Los viajes suelen sorprendernos, sobre todo cuando visitamos un lugar por primera vez. Pero a veces nos pasan cosas que no hubiéramos imaginado ni escribiendo el libreto de una película.
Desde el mirador se tiene una vista impresionante de la ciudad: la iglesia con su acento de color, las casas bajas y en pendiente, los cauces casi secos de los dos ríos y todo eso enclavado dentro la cordillera.
Espontaneamente suena un bandoneón. Se suman una guitarra y una quena. Lejos de escucharse el bullicio obvio de un mirador turístico, nos quedamos entre sorprendidos e hipnotizados.
Un tema más y se suma una pareja a cantar. Otro más y otra se forma para bailar. El eco de la música, rebotado en la cordillera, se deja escuchar allá abajo y hace que el auditorio crezca en cantidad y en asombro.

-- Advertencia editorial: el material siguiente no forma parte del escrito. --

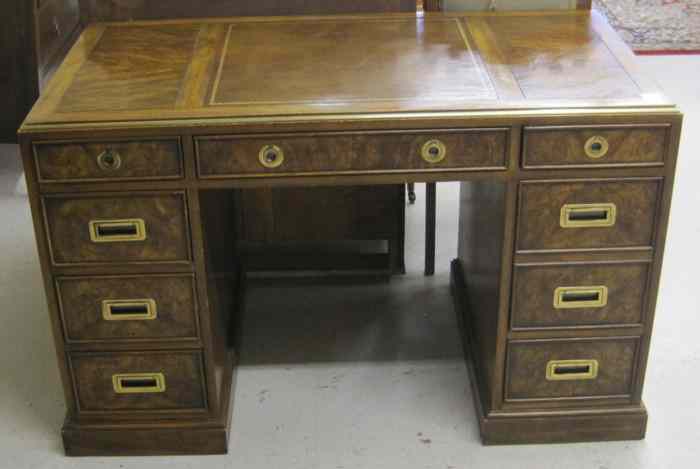 Appraisal: ASH AND BURL WALNUT DOUBLE-PEDESTAL WRITING DESK American th century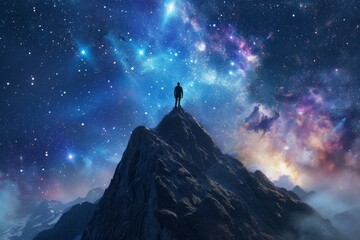A lone figure basks in the grandeur of the night sky, surrounded by the mystical constellations and the majestic milky way atop a towering mountain, in awe of the vastness of space and the beauty of 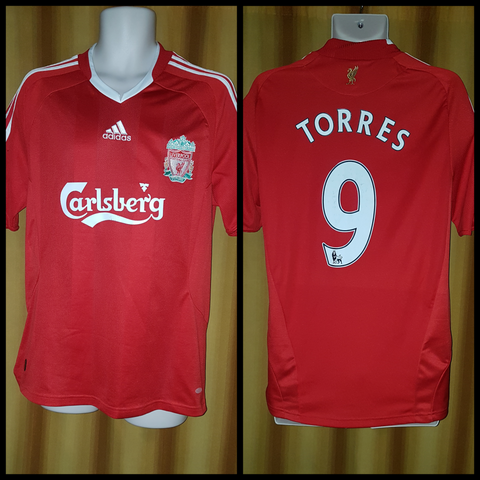 2008-10 Liverpool Home Shirt Size Medium - Torres #9 - Forever Football Shirts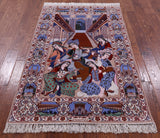 Signed Isfahan Authentic Persian Pictorial Hand Knotted Wool & Silk Area Rug - 3' 7" X 5' 8" - Golden Nile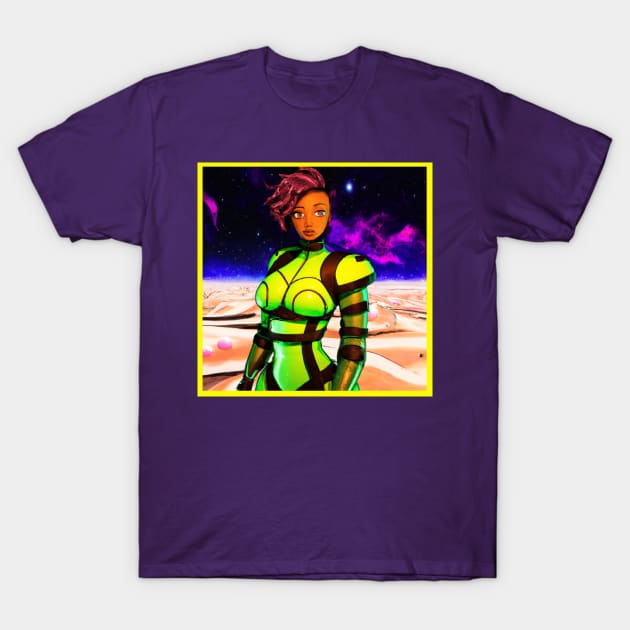 Anime Girl with Green Spacesuit T-Shirt by Starbase79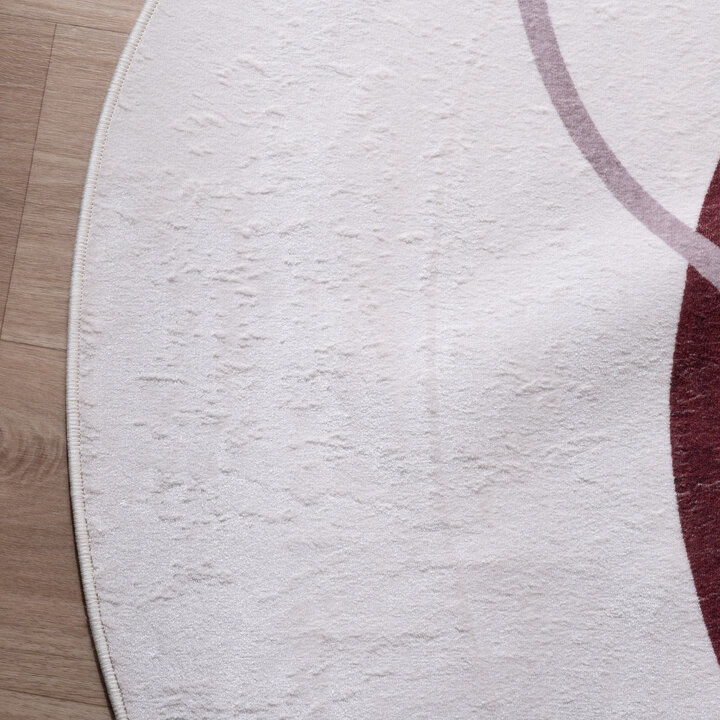 Organisch vloerkleed - Elyra Rood/Beige - 4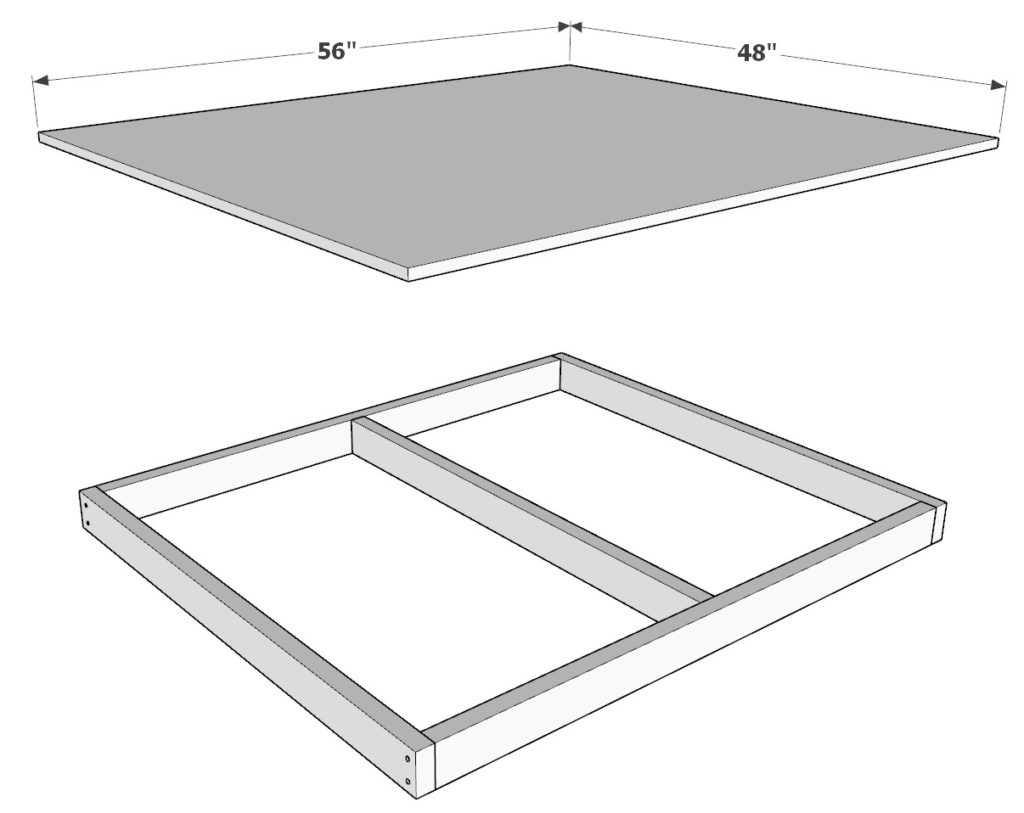 DIY doghouse flood frame assembly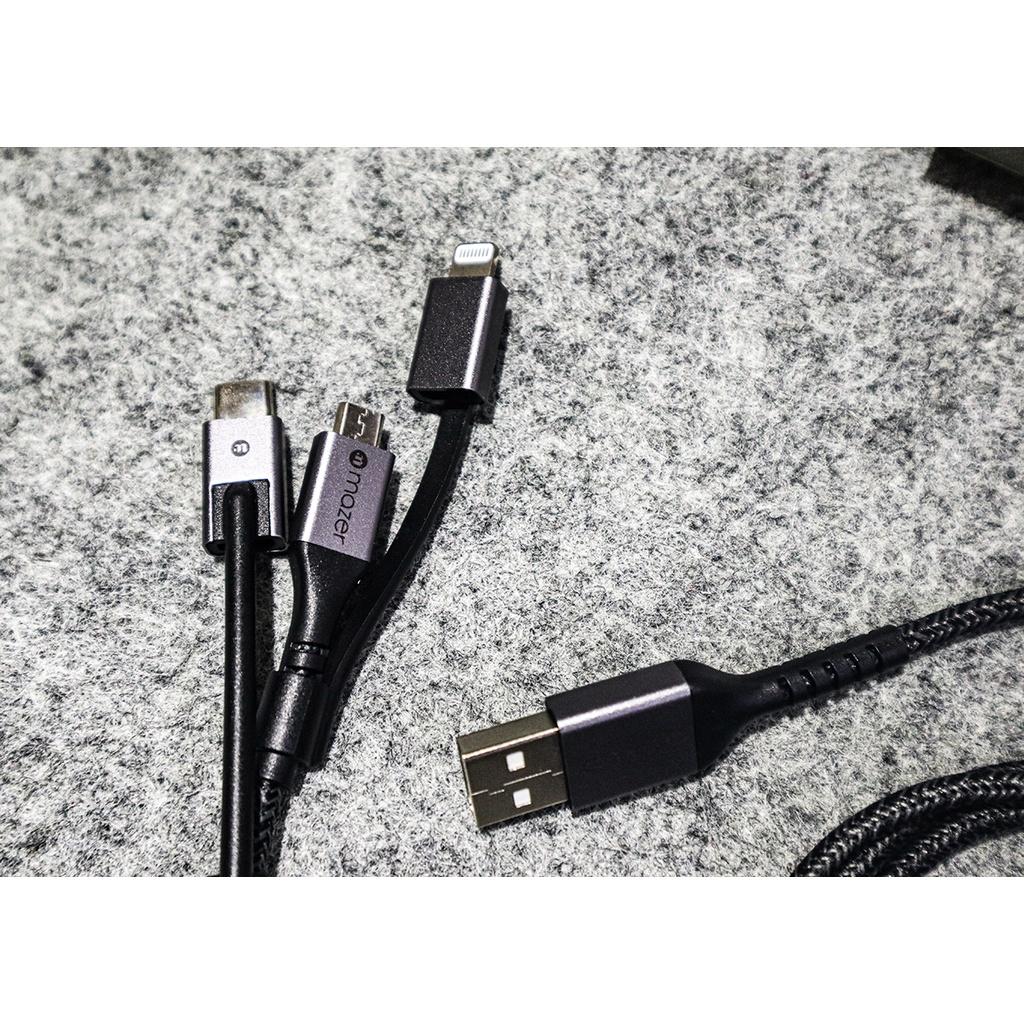 Cáp Sạc Nhanh Mazer 3 in 1 USB Fast Charging (1M) - hàng chính hãng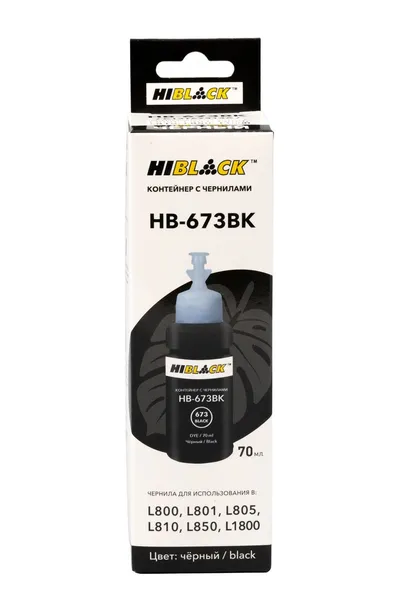 Контейнер с чернилами Hi-Black  (HB-673BK) для Epson L800/L801/L810/L850, C13T67314A, Bk, 70ml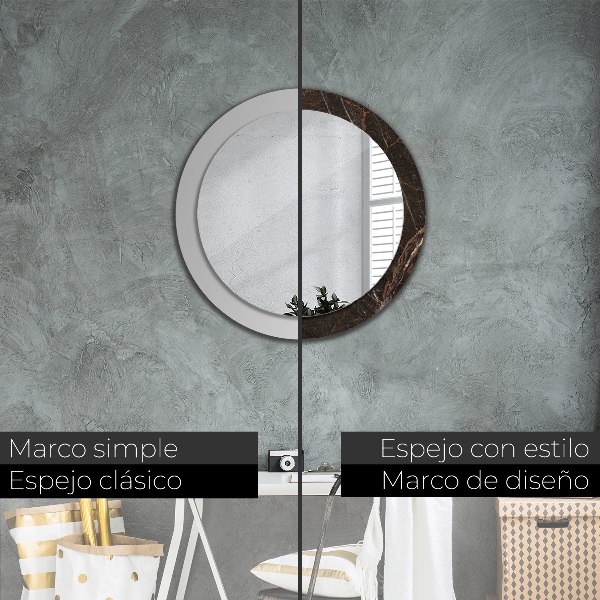 Miroir rond imprimé Marbre brun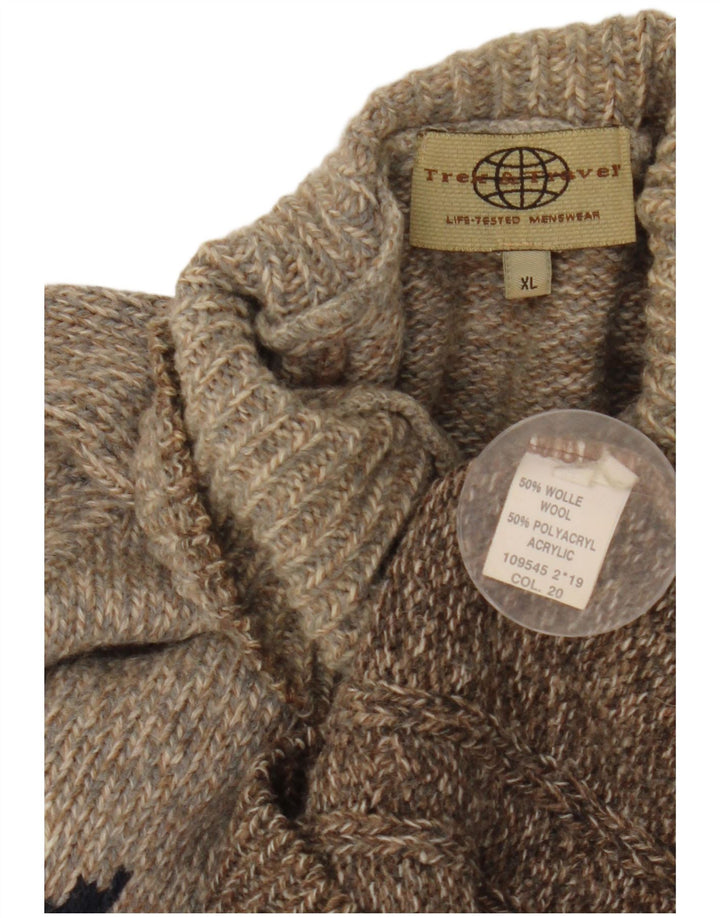 Vintage Herre rullehals sweater XL Brown Fair Isle Wool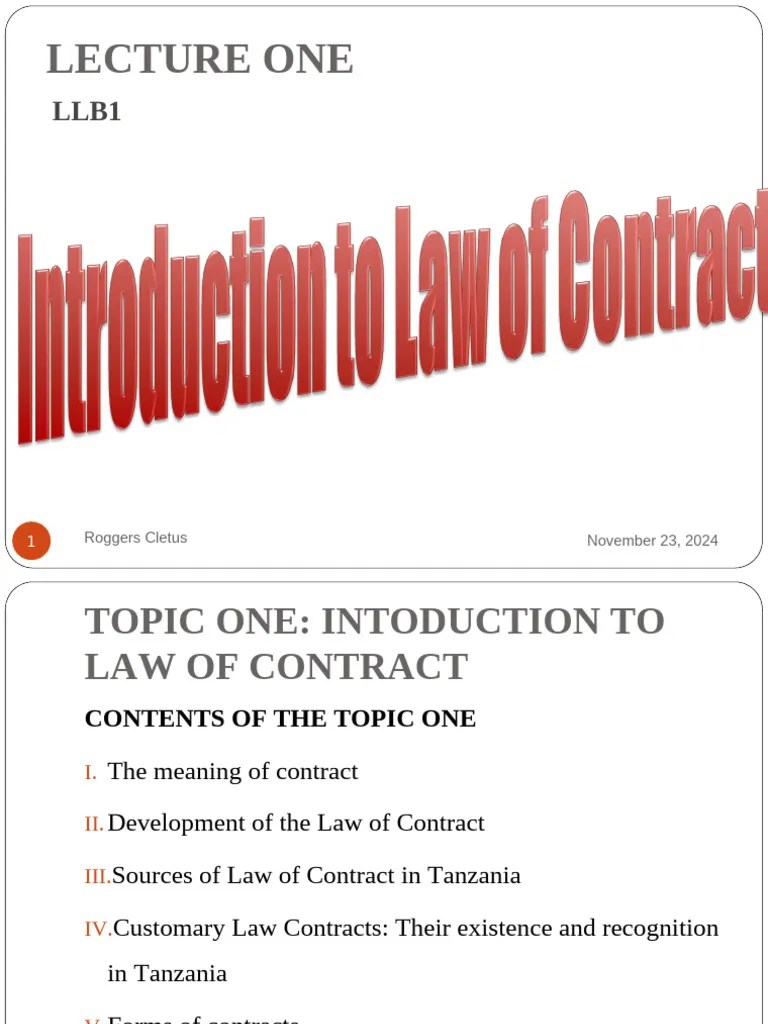 1,Introduction To Law Of Contract | PDF | Precedent | Common Law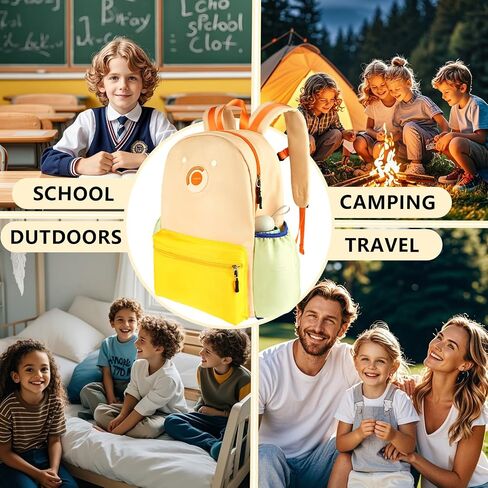 Kids backpack school bag for boys and girls, suitable for 4-12 years old boys and girls to go to school and travel, 16.5 inch full daycare backpack fits A4 folder.（Front pocket yellow） in Saudi Arabia
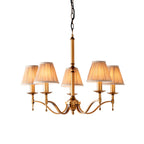 Interiors 1900 Stanford 5 Light Pendant Light in Antique Brass with Beige Shade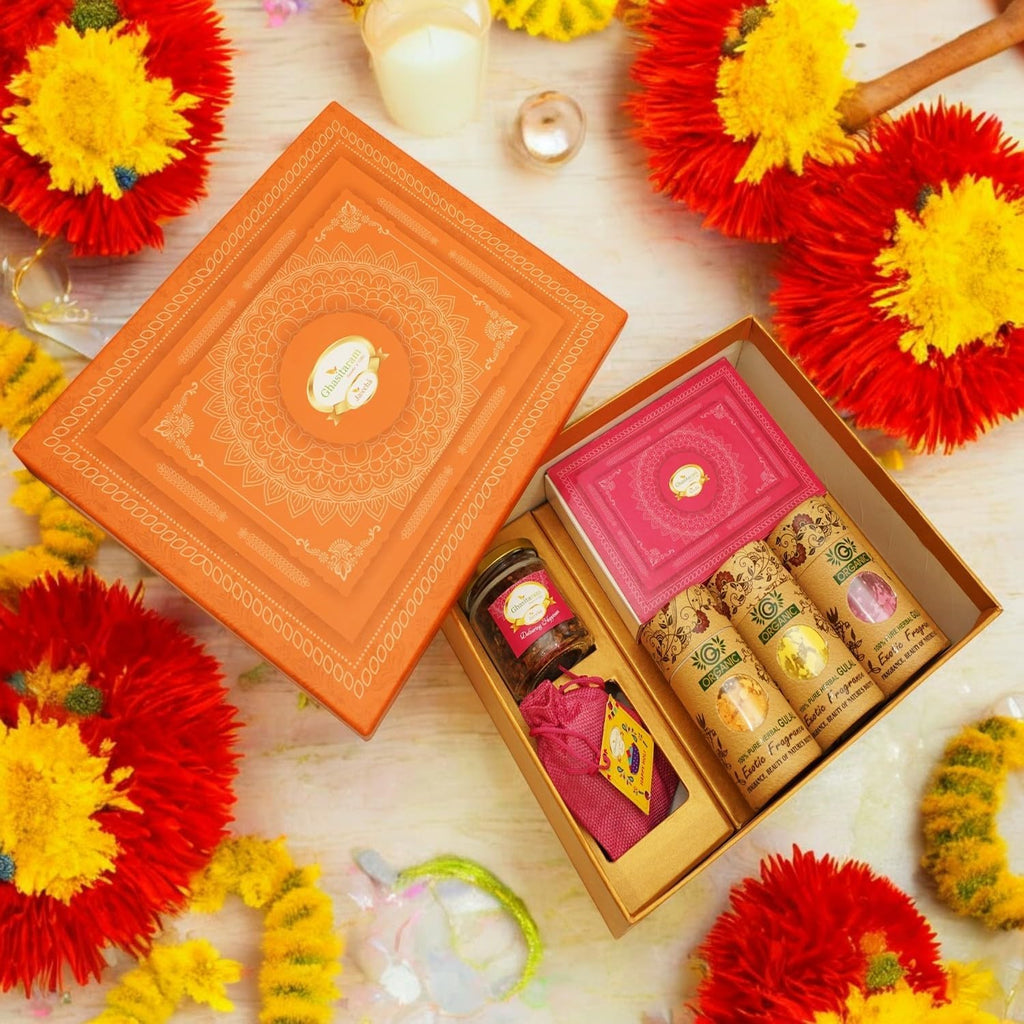 Ghasitaram Gifts Jaiccha Holi- Sweets/Holi Hampers/Thandai Orange Hamper Box of Gujiyas, Sweets/ Bites, Dryfruits, Thandai and Organic Gulal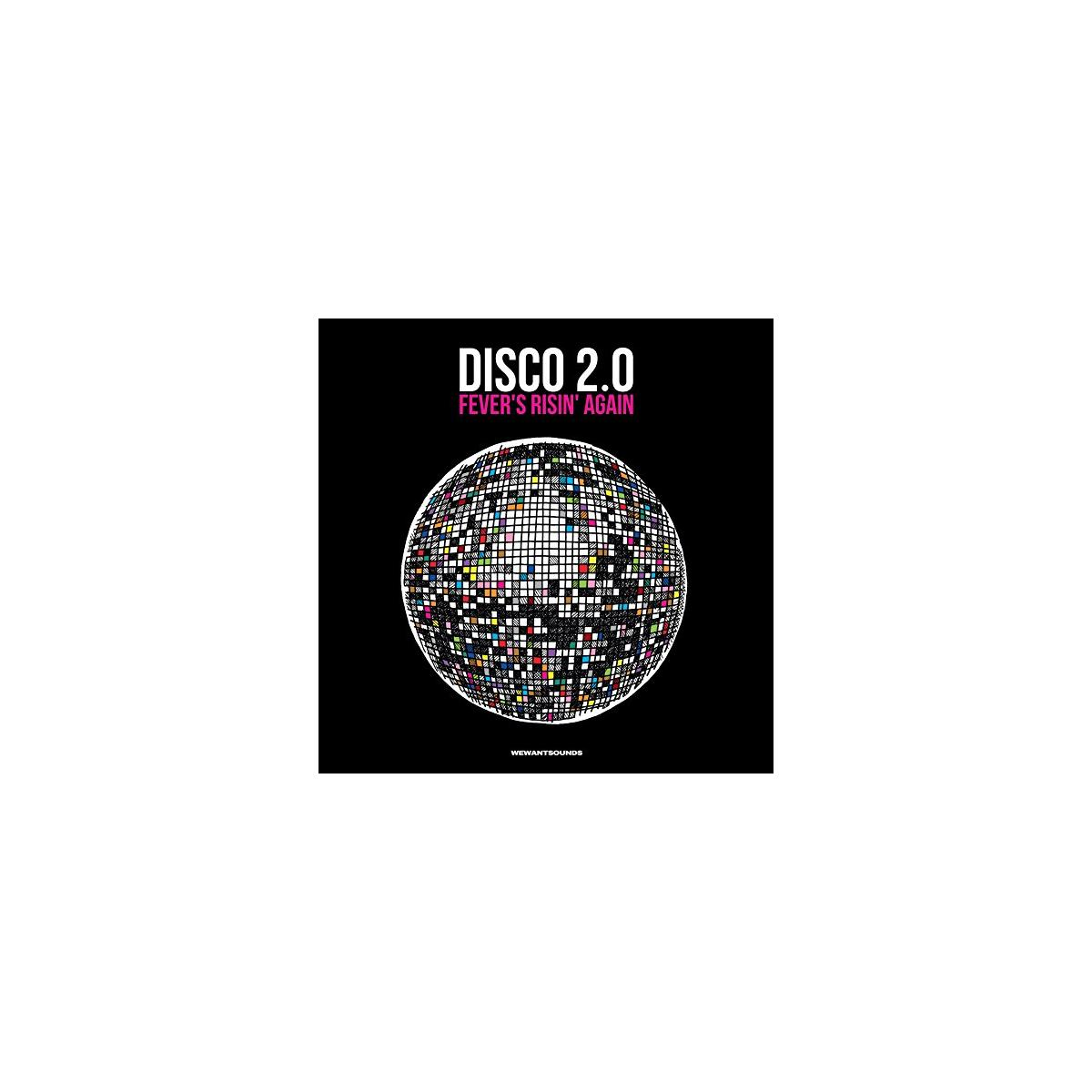 Fond noir avec une boule disco faite de carrés. Texte : Disco 2.0, Fever's Risin' Again.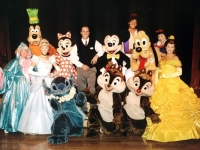 Costumed characters of the Disney Wonder, including Princess Belle.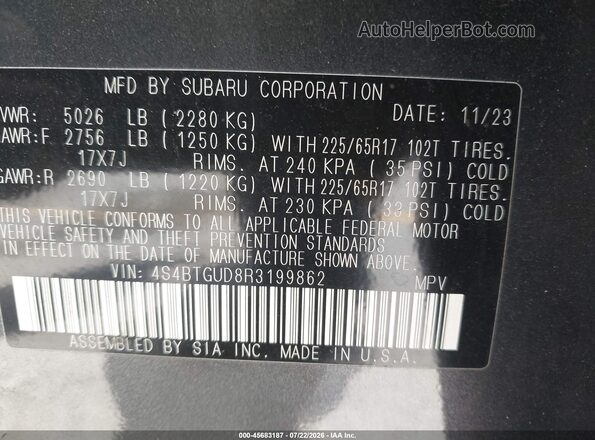 4S4BTGUD8R3199862 2024 SUBARU OUTBACK Серый Вид подкапотного пространства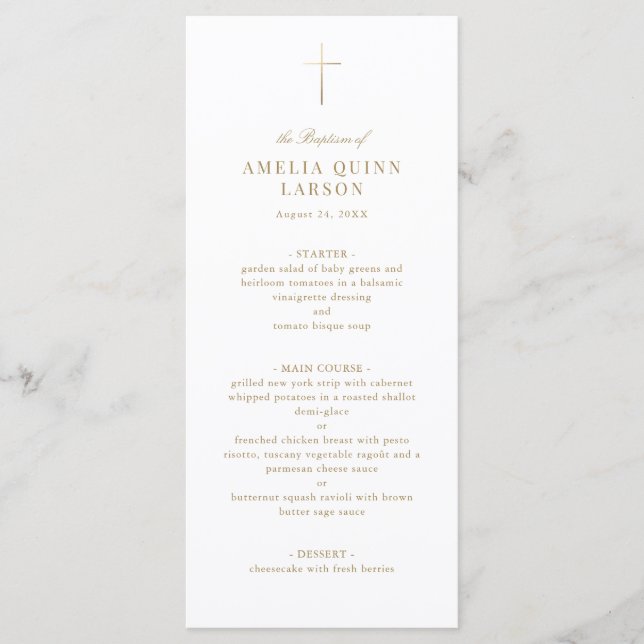 Simple Elegant Gold Cross Baptism Christening Menu (Front)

Pero el colectivo sale a las 12 y no espera. Mejor así: para que ese rato nos dure en la memoria como mágico, era necesario que fuera breve.
De distintos lugares y desconocidos hasta esa mañana, de pronto compartimos una experiencia que nos hizo despedimos como amigos.
Bajo el hechizo de las notas y la cordillera, unos bailaron, otros cantaron... yo no pude evitar hacer lo mío: sacar fotos.
Gracias al Chino (bandoneón) y a Carlos (el bailarín) por ponerse en contacto. Espero conocer algún día el nombre del resto de los que estaban ahí.